START THE INPUT

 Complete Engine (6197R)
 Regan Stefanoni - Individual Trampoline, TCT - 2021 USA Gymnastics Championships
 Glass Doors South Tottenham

END THE INPUT
START THE INPUT

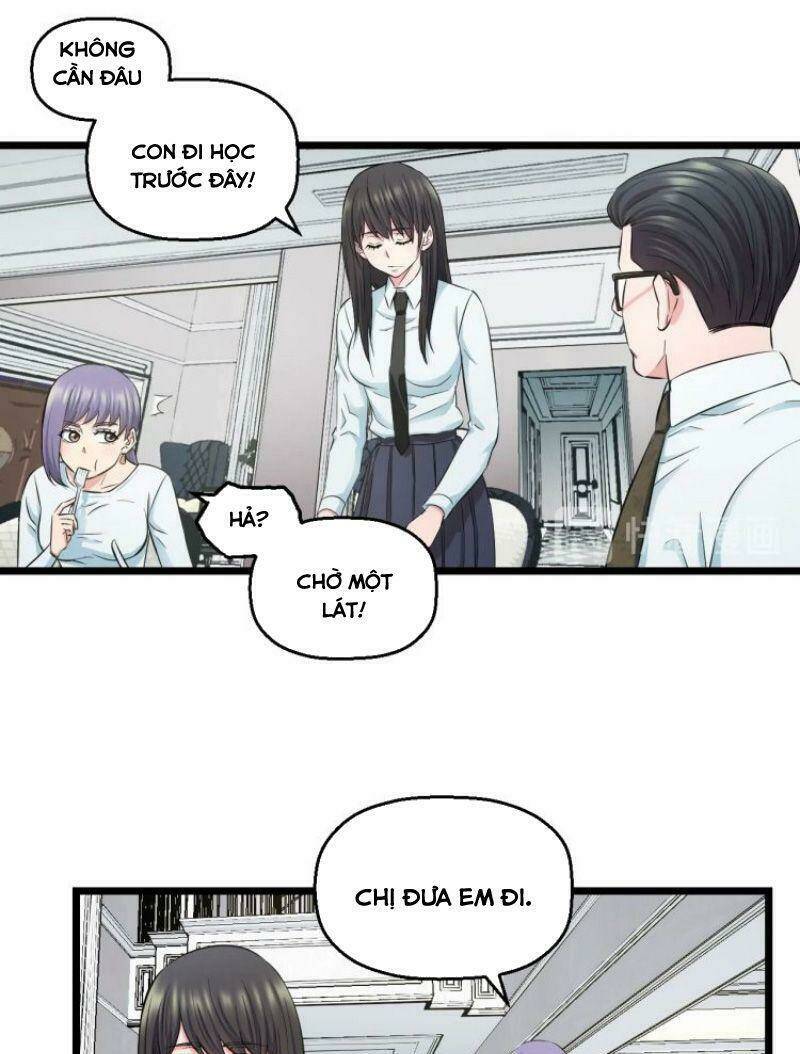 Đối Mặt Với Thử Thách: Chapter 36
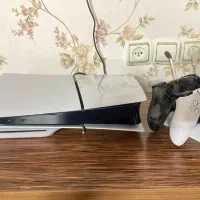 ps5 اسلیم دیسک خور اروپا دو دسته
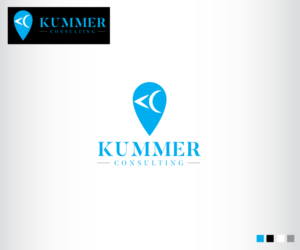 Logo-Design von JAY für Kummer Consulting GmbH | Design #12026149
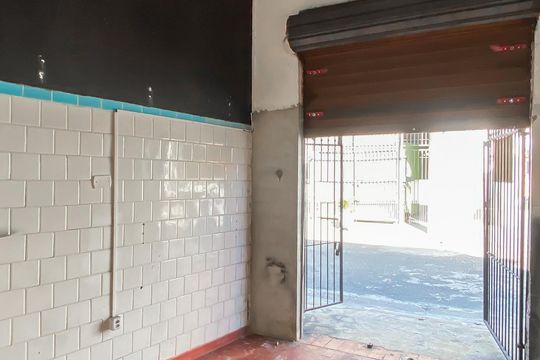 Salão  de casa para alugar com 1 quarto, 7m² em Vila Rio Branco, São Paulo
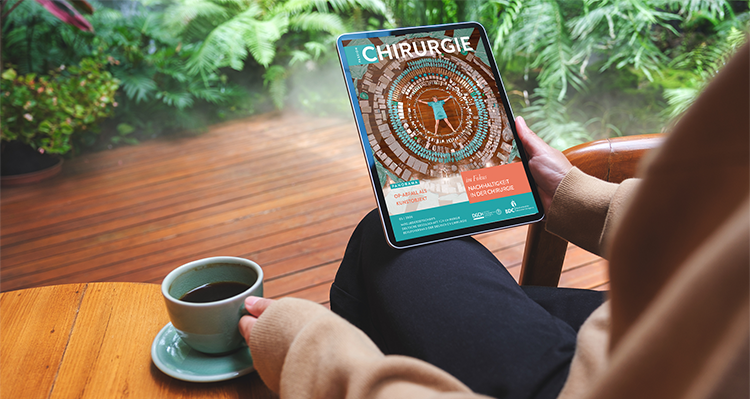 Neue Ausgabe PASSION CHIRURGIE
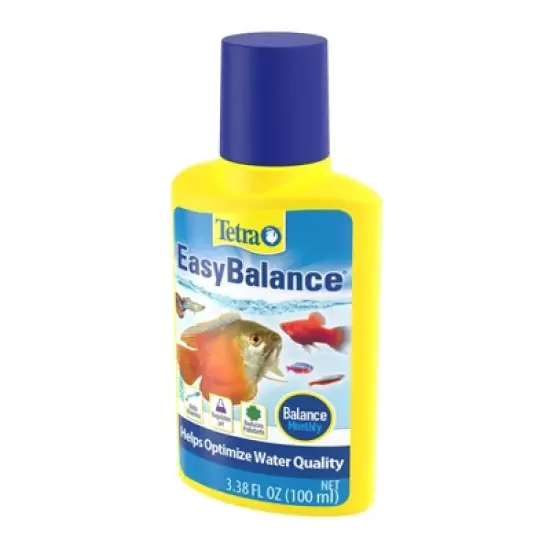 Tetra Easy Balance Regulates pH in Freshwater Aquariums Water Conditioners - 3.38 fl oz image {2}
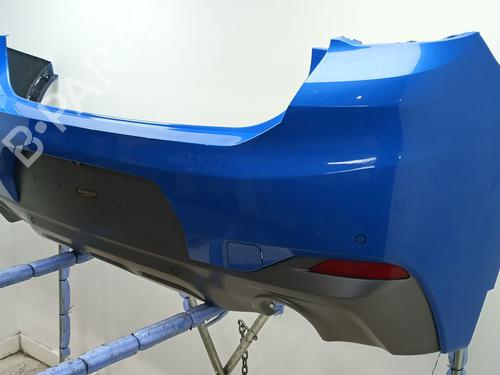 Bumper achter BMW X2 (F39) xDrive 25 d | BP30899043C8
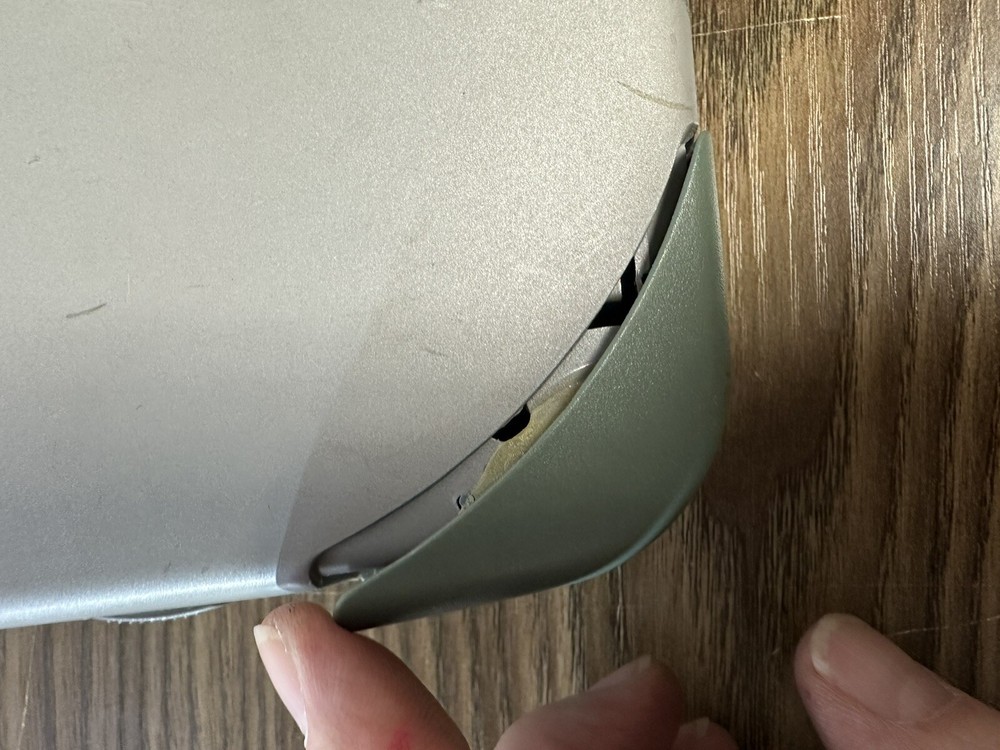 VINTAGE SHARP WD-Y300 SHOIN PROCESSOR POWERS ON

END THE INPUT

*WORK ORDER*
Above are the entries. Quote exactly the lines from the one bearing "Complete Engine (6197R)" through the one bearing "Glass Doors South Tottenham".

*SOLUTION*
 Complete Engine (6197R)
 Regan Stefanoni - Individual Trampoline, TCT - 2021 USA Gymnastics Championships
 Glass Doors South Tottenham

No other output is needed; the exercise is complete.